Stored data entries
BEGIN

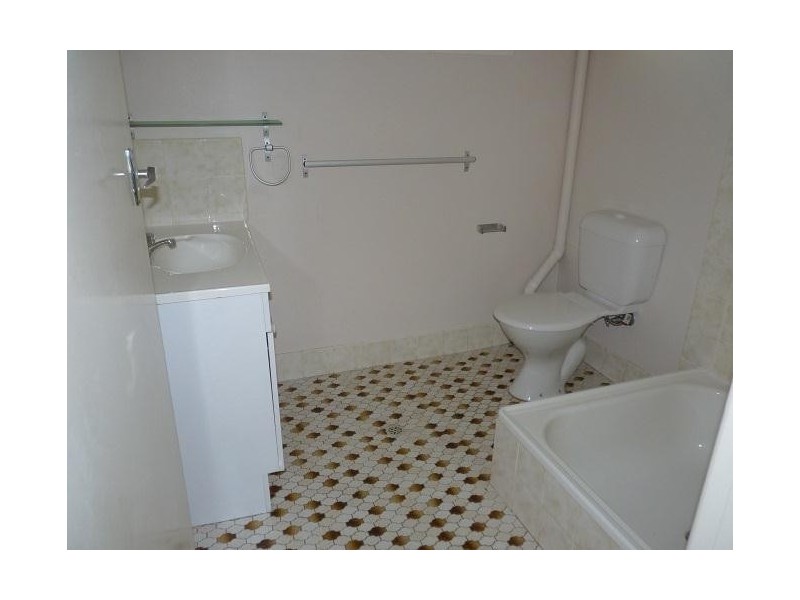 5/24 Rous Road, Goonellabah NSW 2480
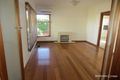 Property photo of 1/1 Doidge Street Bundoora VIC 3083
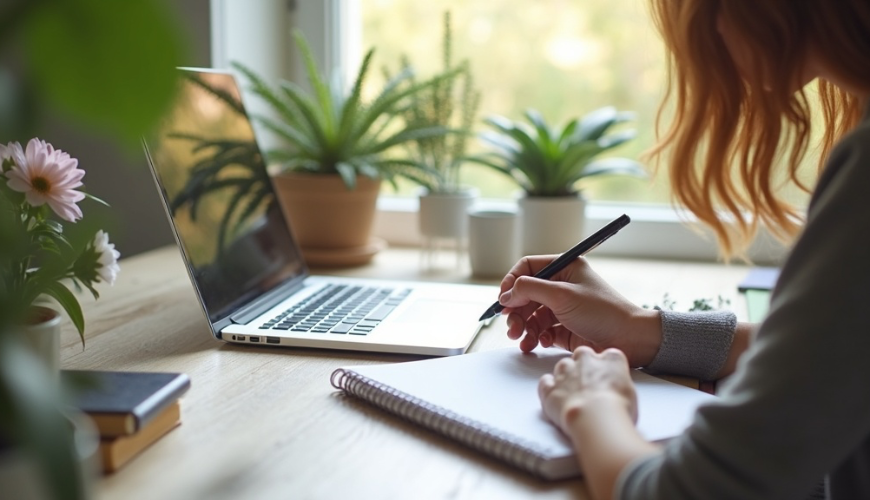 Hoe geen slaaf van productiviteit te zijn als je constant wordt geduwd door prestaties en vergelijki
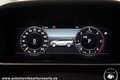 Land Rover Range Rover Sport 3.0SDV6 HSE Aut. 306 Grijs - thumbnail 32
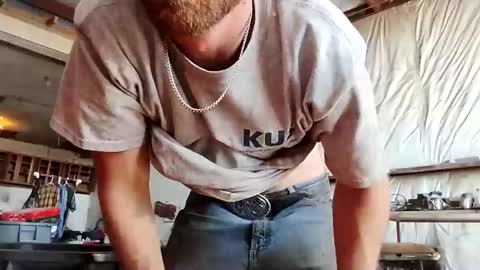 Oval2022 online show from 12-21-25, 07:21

END

Brief
This calls for an exact copy of all the entries above, with the pictures omitted.

Response
 5/24 Rous Road, Goonellabah NSW 2480
 Property photo of 1/1 Doidge Street Bundoora VIC 3083
 Hoe geen slaaf van productiviteit te zijn als je constant wordt geduwd door prestaties en vergelijki
 Land Rover Range Rover Sport 3.0SDV6 HSE Aut. 306 Grijs - thumbnail 32
 Oval2022 online show from 12-21-25, 07:21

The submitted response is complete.